━━ RECORDED INFORMATION

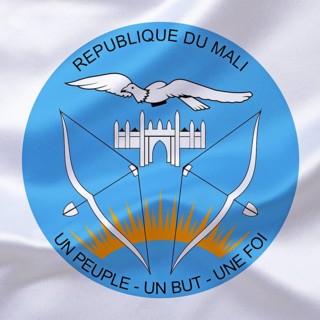 Africa, African Union, the coat of arms of Maili, Studio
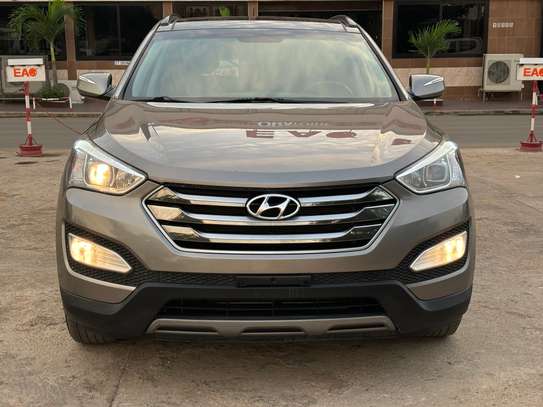 HYUNDAI SANTAFÉ  2016 image 2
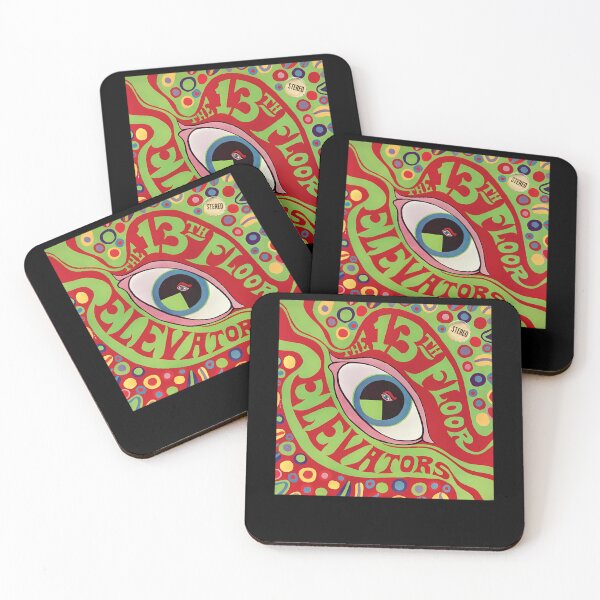 Item preview, Floor Elevators Eye Spiral designed and sold by Bee Tees.
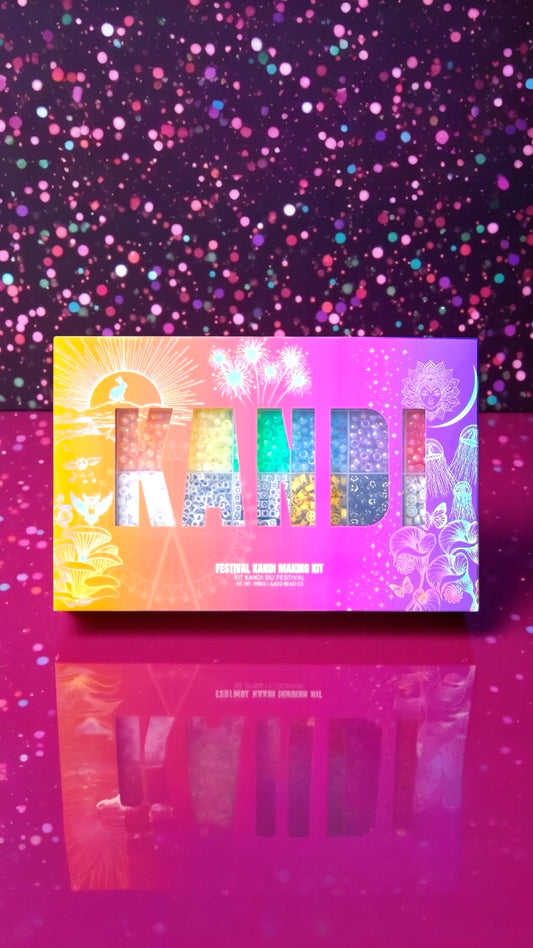 The Ultimate Festival Kandi Kit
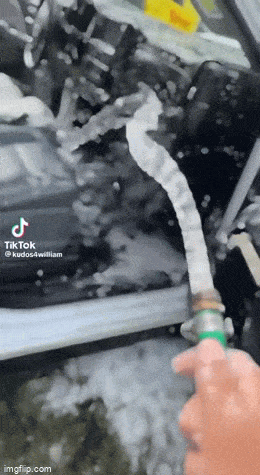 Теперь будет чистая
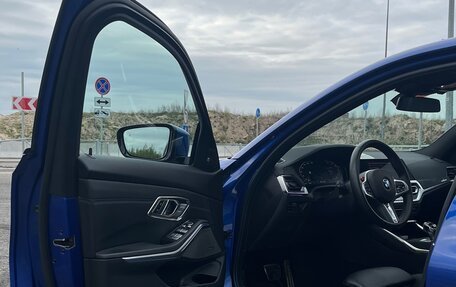 BMW 3 серия, 2020 год, 4 399 000 рублей, 11 фотография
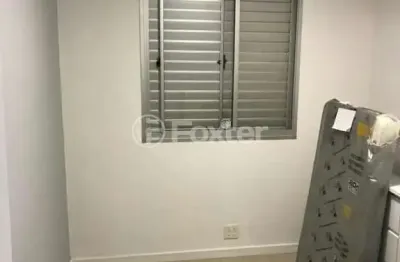 Apartamento com 2 quartos à venda na rua marie nader calfat, 621, jardim ampliação, são paulo, 49 m2 por r$ 370.000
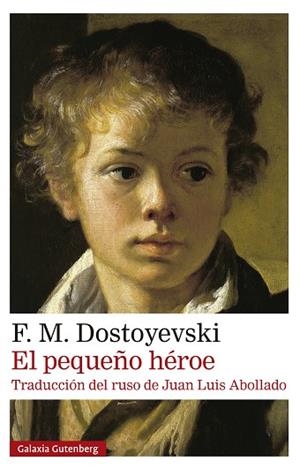 EL PEQUEÑO HÉROE | 9791387605827 | DOSTOYEVSKI, F. M. | Llibreria Online de Vilafranca del Penedès | Comprar llibres en català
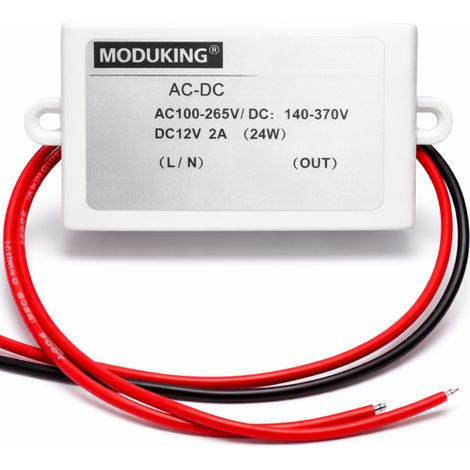 Fuente de alimentaci贸n KS-1 de CA 230 V a CC 12 V 2 A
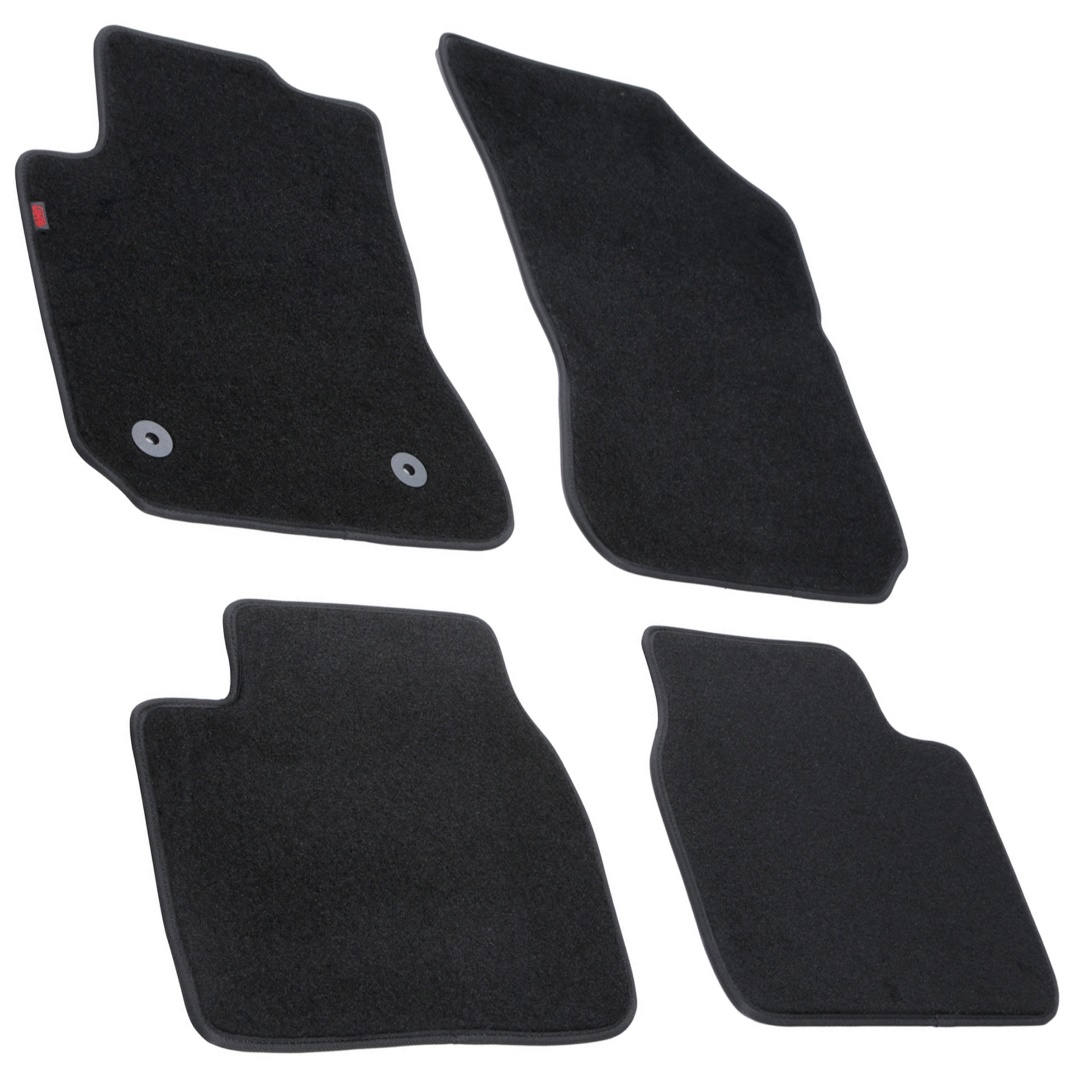 Βλησαρούλης Car Center - ΠΑΤΑΚΙΑ EXECUTIVE ΜΟΚΕΤΑ ΓΙΑ CITROEN C4 CACTUS 05/2014-10/2020 ΣΕ ΜΑΥΡΟ ΧΡΩΜΑ ΧΩΡΙΣ ΚΟΥΜΠΩΜΑΤΑ LAMPA - 4 ΤΕΜ.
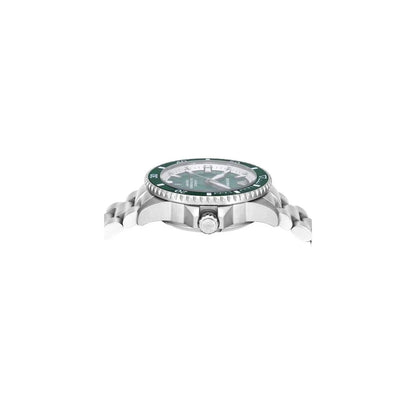 Emporio Armani Ar60080 Men's Watch 43 Mm Silver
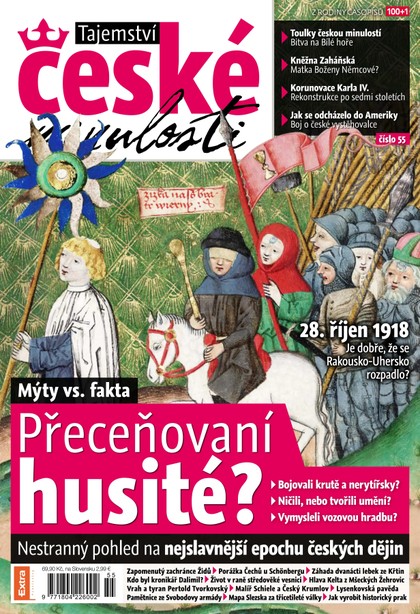 E-magazín Tajemství české minulosti č. 55 - Extra Publishing, s. r. o.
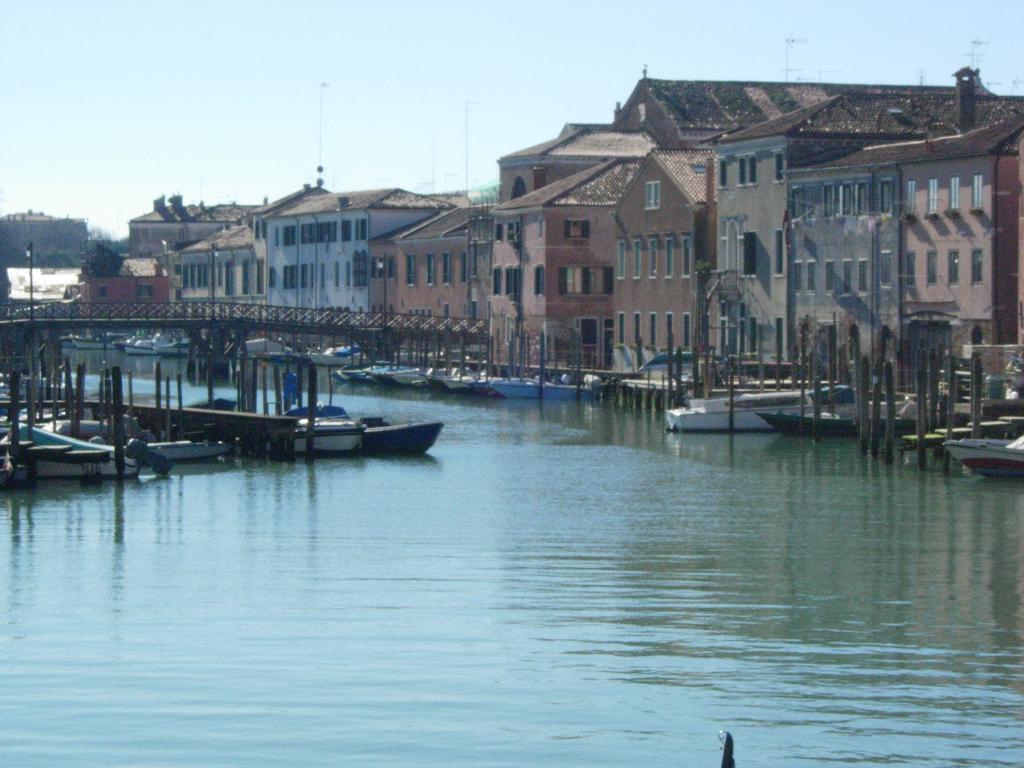 Appartamento Vacanze Casadueottanta Loc-13704 Venedig Exteriör bild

━━━━

# [REQUIRED ACTION]
What the task needs is the material above repeated exactly, pictures excepted.

# [THE ANSWER]
 Africa, African Union, the coat of arms of Maili, Studio
 HYUNDAI SANTAFÉ  2016 image 2
 Item preview, Floor Elevators Eye Spiral designed and sold by Bee Tees.
 The Ultimate Festival Kandi Kit
 Теперь будет чистая
 BMW 3 серия, 2020 год, 4 399 000 рублей, 11 фотография
 Apartamento com 2 quartos à venda na rua marie nader calfat, 621, jardim ampliação, são paulo, 49 m2 por r$ 370.000
 EL PEQUEÑO HÉROE | 9791387605827 | DOSTOYEVSKI, F. M. | Llibreria Online de Vilafranca del Penedès | Comprar llibres en català
 Fuente de alimentaci贸n KS-1 de CA 230 V a CC 12 V 2 A
 Βλησαρούλης Car Center - ΠΑΤΑΚΙΑ EXECUTIVE ΜΟΚΕΤΑ ΓΙΑ CITROEN C4 CACTUS 05/2014-10/2020 ΣΕ ΜΑΥΡΟ ΧΡΩΜΑ ΧΩΡΙΣ ΚΟΥΜΠΩΜΑΤΑ LAMPA - 4 ΤΕΜ.
 Emporio Armani Ar60080 Men's Watch 43 Mm Silver
 E-magazín Tajemství české minulosti č. 55 - Extra Publishing, s. r. o.
 Appartamento Vacanze Casadueottanta Loc-13704 Venedig Exteriör bild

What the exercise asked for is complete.